*** Block opens ***

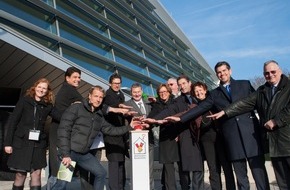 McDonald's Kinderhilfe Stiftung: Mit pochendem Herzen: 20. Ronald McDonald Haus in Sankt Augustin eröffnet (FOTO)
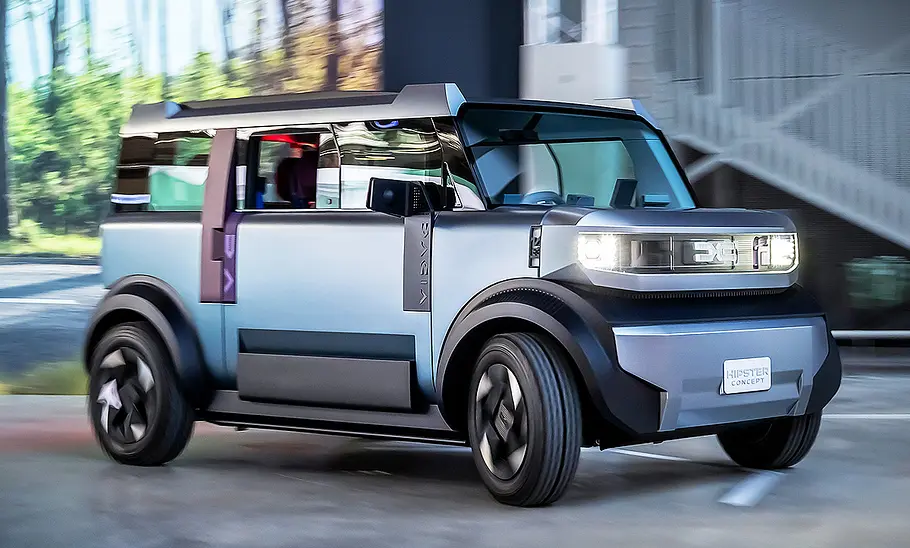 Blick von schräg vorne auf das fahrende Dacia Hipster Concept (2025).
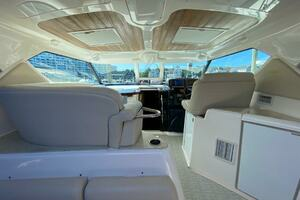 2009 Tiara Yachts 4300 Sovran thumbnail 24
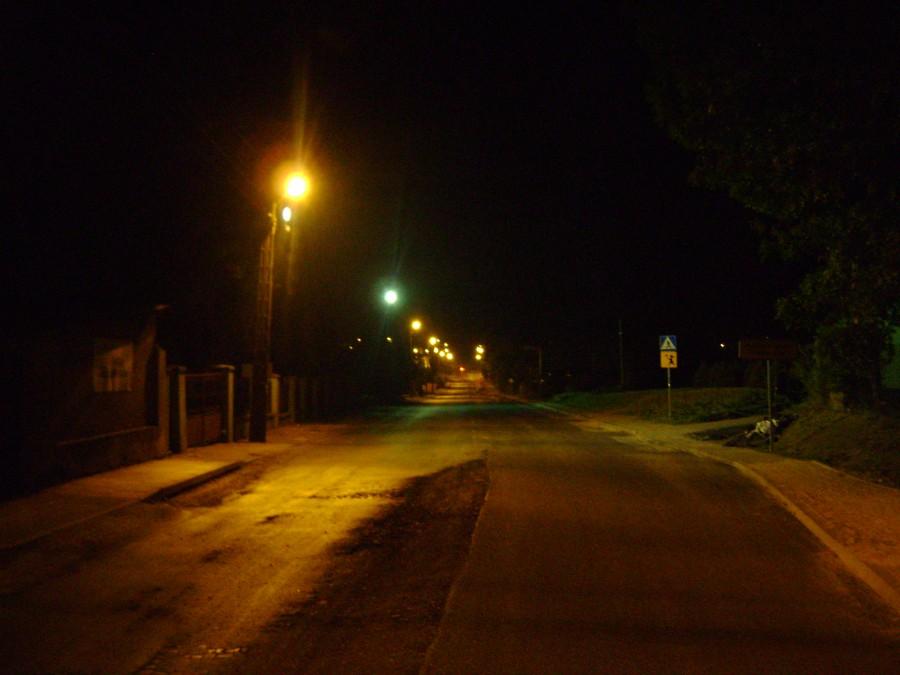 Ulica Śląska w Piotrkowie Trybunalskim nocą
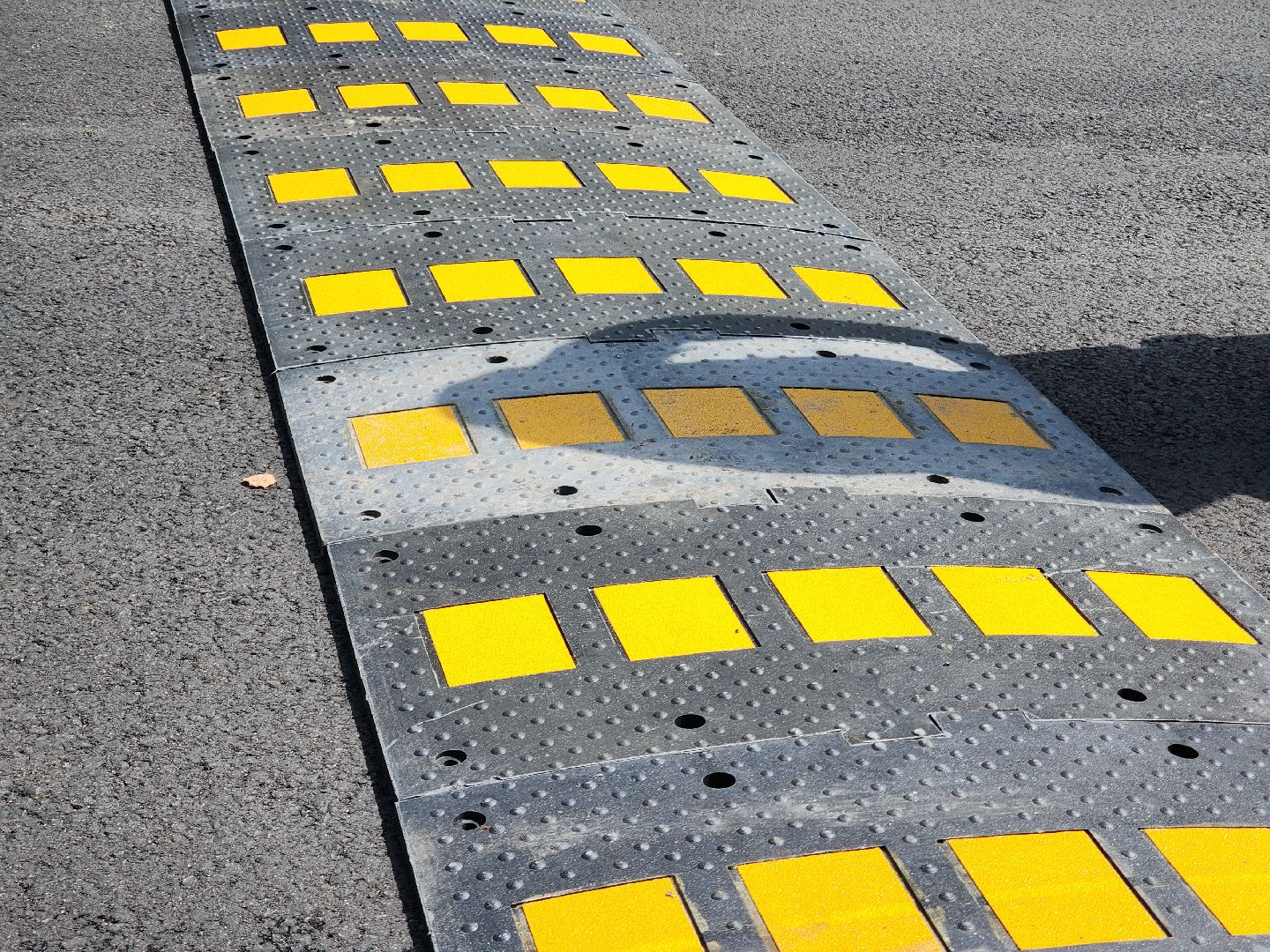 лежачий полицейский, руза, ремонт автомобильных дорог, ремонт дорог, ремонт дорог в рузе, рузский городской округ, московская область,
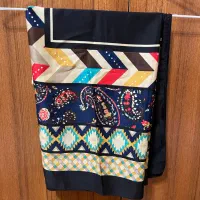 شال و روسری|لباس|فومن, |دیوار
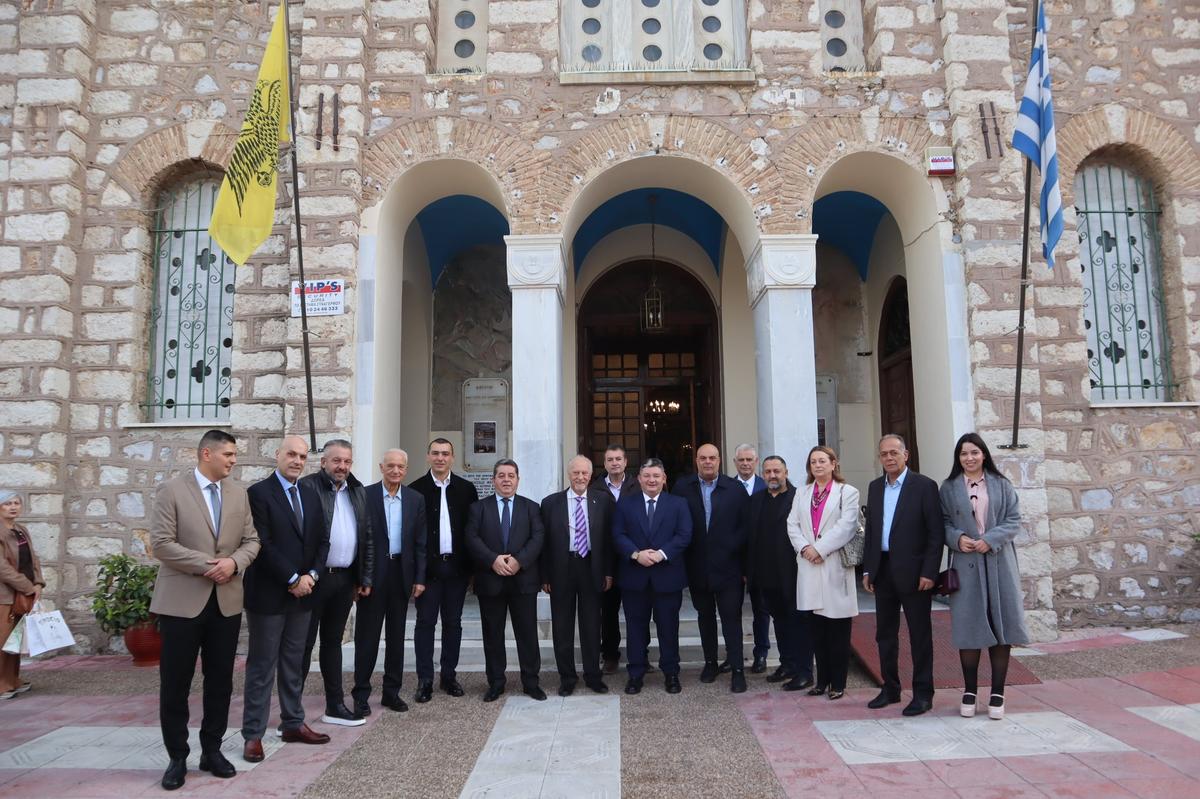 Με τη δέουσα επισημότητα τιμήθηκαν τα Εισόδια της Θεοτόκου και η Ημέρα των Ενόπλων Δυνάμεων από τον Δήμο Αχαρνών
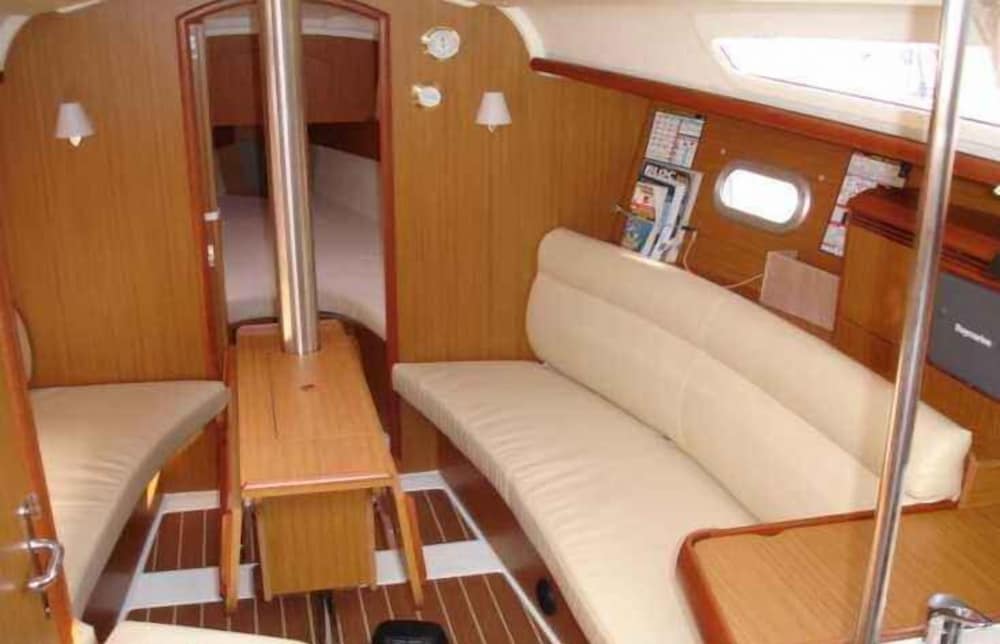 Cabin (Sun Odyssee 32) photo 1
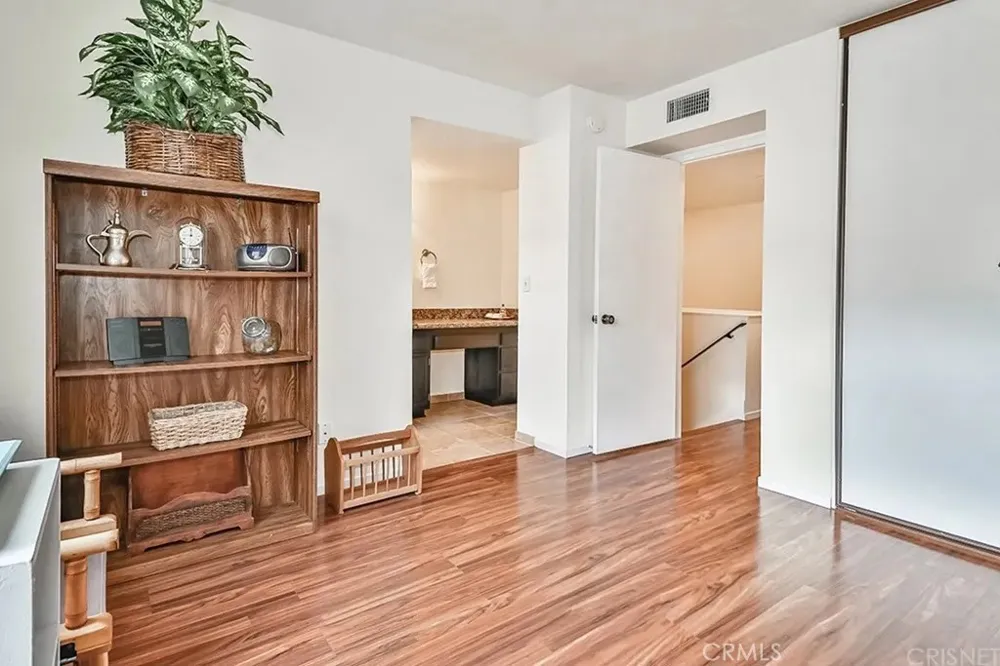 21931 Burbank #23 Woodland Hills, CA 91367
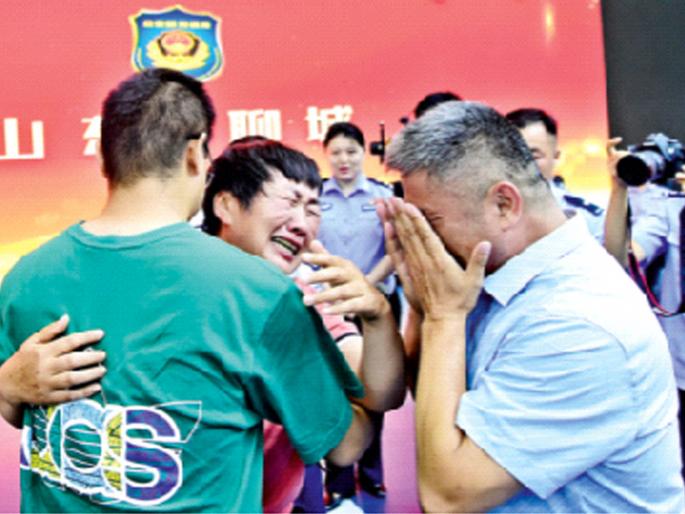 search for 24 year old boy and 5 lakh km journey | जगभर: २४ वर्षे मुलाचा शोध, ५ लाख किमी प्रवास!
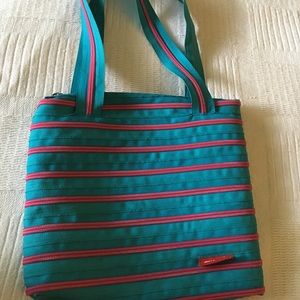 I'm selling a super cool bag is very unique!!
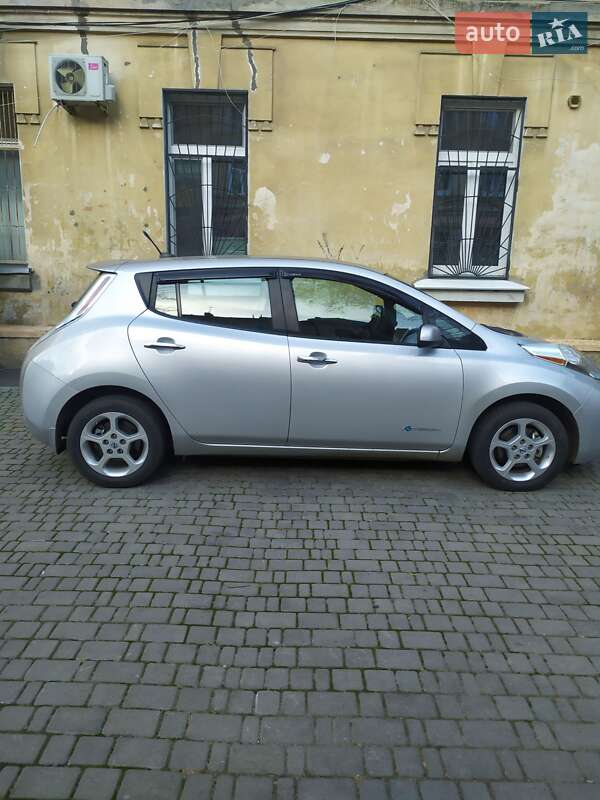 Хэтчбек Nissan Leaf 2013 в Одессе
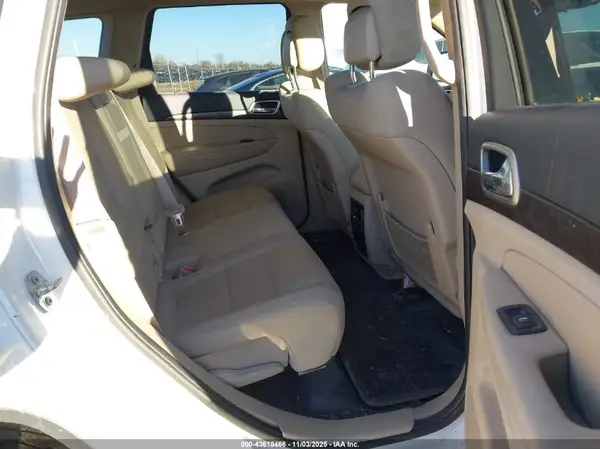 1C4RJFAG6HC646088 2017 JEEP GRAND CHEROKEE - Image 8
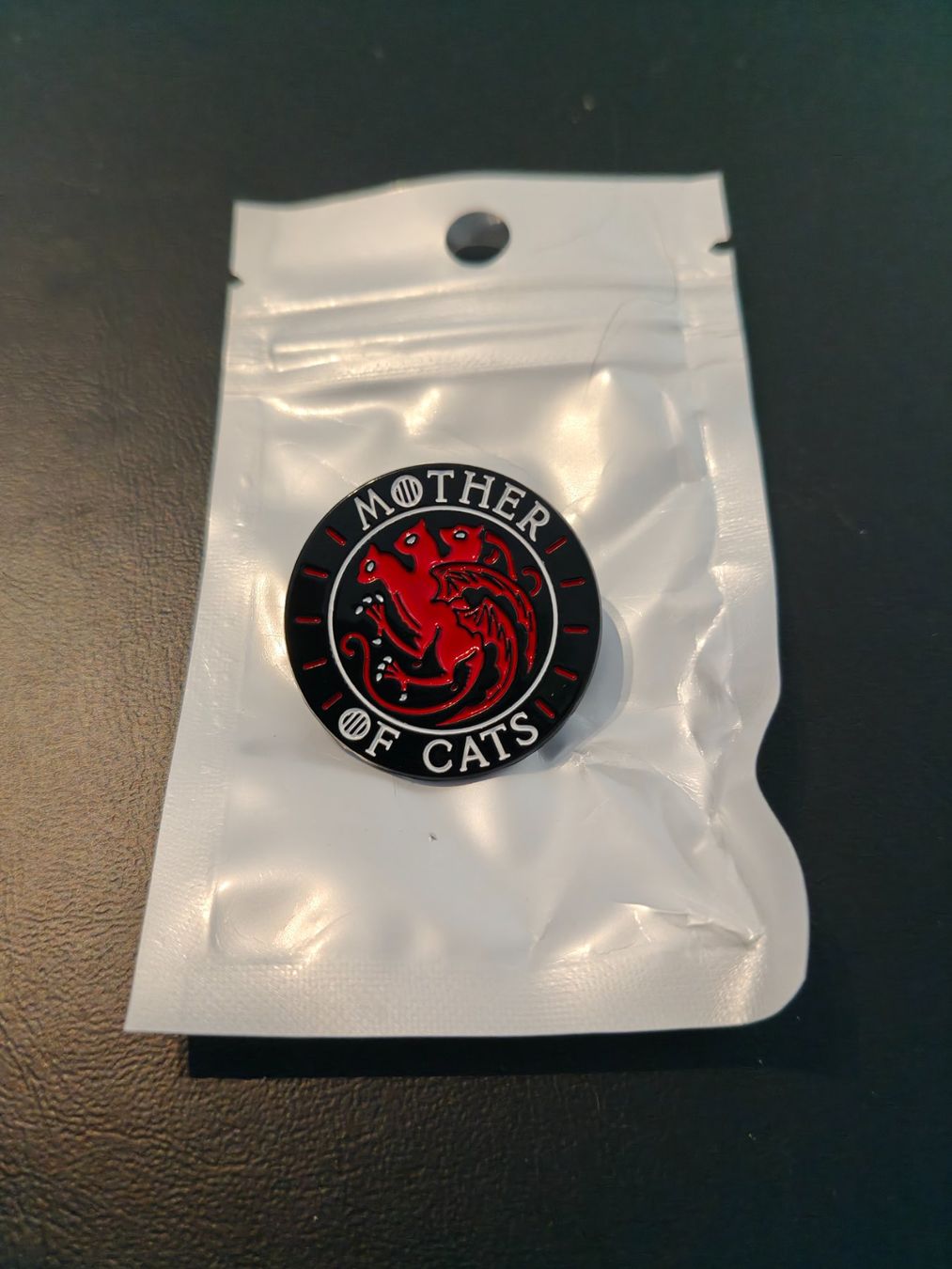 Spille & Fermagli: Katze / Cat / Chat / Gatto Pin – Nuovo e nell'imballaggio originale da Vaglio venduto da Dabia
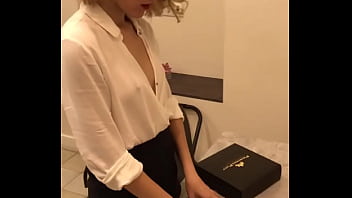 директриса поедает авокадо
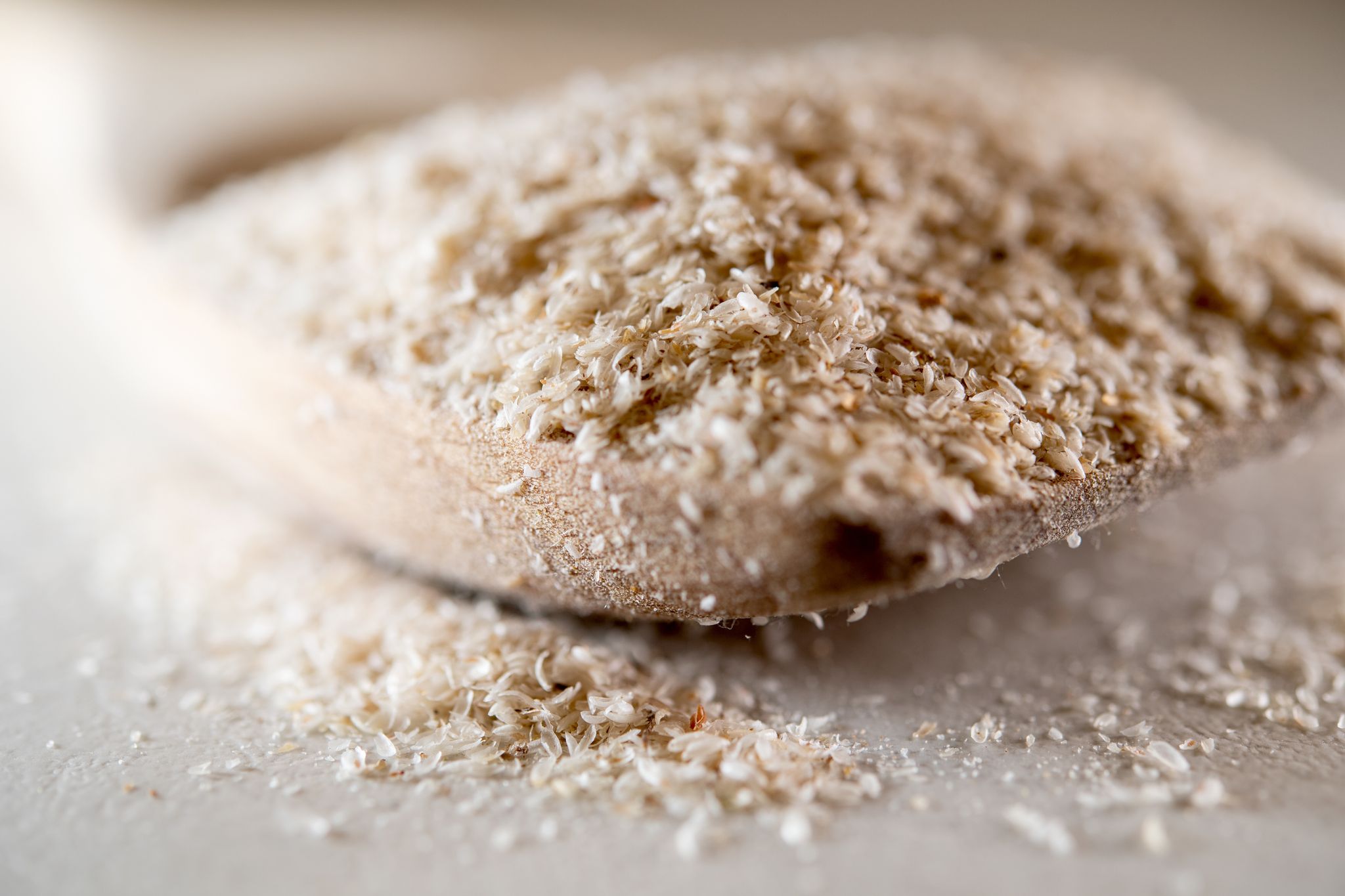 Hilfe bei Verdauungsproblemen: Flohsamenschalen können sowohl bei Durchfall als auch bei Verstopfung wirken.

*** Block closes ***

→ TO DO:
Output exactly the lines above, beginning at the one with "Хэтчбек Nissan Leaf 2013 в Одессе" and stopping after the one with "директриса поедает авокадо". Pictures are to be omitted.

→ RESPONSE TO THIS TASK:
 Хэтчбек Nissan Leaf 2013 в Одессе
 1C4RJFAG6HC646088 2017 JEEP GRAND CHEROKEE - Image 8
 Spille & Fermagli: Katze / Cat / Chat / Gatto Pin – Nuovo e nell'imballaggio originale da Vaglio venduto da Dabia
 директриса поедает авокадо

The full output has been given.